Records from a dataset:

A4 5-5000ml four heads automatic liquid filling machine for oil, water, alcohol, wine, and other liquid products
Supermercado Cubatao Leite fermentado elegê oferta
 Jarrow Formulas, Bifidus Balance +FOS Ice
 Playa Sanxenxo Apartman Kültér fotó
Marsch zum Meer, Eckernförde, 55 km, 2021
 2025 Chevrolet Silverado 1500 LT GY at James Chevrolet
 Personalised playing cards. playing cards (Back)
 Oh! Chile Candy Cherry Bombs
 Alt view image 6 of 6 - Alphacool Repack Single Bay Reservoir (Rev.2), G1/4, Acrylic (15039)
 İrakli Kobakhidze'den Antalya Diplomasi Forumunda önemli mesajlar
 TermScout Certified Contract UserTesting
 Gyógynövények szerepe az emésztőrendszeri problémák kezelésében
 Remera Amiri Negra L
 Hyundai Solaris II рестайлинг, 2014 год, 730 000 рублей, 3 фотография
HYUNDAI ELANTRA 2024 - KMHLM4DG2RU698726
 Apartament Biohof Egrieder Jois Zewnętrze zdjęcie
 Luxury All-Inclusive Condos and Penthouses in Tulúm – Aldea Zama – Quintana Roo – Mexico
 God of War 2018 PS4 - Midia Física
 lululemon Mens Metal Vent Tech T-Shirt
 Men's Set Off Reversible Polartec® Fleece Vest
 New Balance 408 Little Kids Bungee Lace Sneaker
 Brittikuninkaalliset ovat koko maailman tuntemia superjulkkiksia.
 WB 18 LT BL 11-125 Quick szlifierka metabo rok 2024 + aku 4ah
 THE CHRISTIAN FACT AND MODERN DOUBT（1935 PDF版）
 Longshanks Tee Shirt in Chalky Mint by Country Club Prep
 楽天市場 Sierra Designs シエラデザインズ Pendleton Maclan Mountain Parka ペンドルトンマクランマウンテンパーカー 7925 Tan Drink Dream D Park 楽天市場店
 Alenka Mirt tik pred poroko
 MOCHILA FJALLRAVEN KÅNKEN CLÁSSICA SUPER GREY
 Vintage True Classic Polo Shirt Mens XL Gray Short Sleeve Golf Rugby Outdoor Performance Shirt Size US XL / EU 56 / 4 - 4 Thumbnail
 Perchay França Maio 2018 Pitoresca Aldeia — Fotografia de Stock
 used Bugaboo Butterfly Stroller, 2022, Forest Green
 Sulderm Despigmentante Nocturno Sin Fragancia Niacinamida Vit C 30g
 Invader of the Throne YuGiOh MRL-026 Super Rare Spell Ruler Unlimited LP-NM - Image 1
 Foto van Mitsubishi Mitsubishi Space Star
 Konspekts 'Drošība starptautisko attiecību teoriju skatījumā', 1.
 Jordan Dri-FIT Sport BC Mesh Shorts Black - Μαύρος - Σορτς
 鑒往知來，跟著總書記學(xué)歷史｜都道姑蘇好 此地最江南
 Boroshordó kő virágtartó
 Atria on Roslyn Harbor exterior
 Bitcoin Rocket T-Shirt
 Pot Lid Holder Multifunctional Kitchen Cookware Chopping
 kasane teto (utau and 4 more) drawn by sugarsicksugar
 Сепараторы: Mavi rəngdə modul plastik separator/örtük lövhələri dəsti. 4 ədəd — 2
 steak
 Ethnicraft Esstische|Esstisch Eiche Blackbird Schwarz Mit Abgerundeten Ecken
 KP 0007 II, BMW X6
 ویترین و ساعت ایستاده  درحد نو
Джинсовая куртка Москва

> **Task to carry out**
Write out the lines above, starting at the line that contains "Longshanks Tee Shirt" and ending with the final line, and nothing else; copy them exactly.

> **Your response**
 Longshanks Tee Shirt in Chalky Mint by Country Club Prep
 楽天市場 Sierra Designs シエラデザインズ Pendleton Maclan Mountain Parka ペンドルトンマクランマウンテンパーカー 7925 Tan Drink Dream D Park 楽天市場店
 Alenka Mirt tik pred poroko
 MOCHILA FJALLRAVEN KÅNKEN CLÁSSICA SUPER GREY
 Vintage True Classic Polo Shirt Mens XL Gray Short Sleeve Golf Rugby Outdoor Performance Shirt Size US XL / EU 56 / 4 - 4 Thumbnail
 Perchay França Maio 2018 Pitoresca Aldeia — Fotografia de Stock
 used Bugaboo Butterfly Stroller, 2022, Forest Green
 Sulderm Despigmentante Nocturno Sin Fragancia Niacinamida Vit C 30g
 Invader of the Throne YuGiOh MRL-026 Super Rare Spell Ruler Unlimited LP-NM - Image 1
 Foto van Mitsubishi Mitsubishi Space Star
 Konspekts 'Drošība starptautisko attiecību teoriju skatījumā', 1.
 Jordan Dri-FIT Sport BC Mesh Shorts Black - Μαύρος - Σορτς
 鑒往知來，跟著總書記學(xué)歷史｜都道姑蘇好 此地最江南
 Boroshordó kő virágtartó
 Atria on Roslyn Harbor exterior
 Bitcoin Rocket T-Shirt
 Pot Lid Holder Multifunctional Kitchen Cookware Chopping
 kasane teto (utau and 4 more) drawn by sugarsicksugar
 Сепараторы: Mavi rəngdə modul plastik separator/örtük lövhələri dəsti. 4 ədəd — 2
 steak
 Ethnicraft Esstische|Esstisch Eiche Blackbird Schwarz Mit Abgerundeten Ecken
 KP 0007 II, BMW X6
 ویترین و ساعت ایستاده  درحد نو
Джинсовая куртка Москва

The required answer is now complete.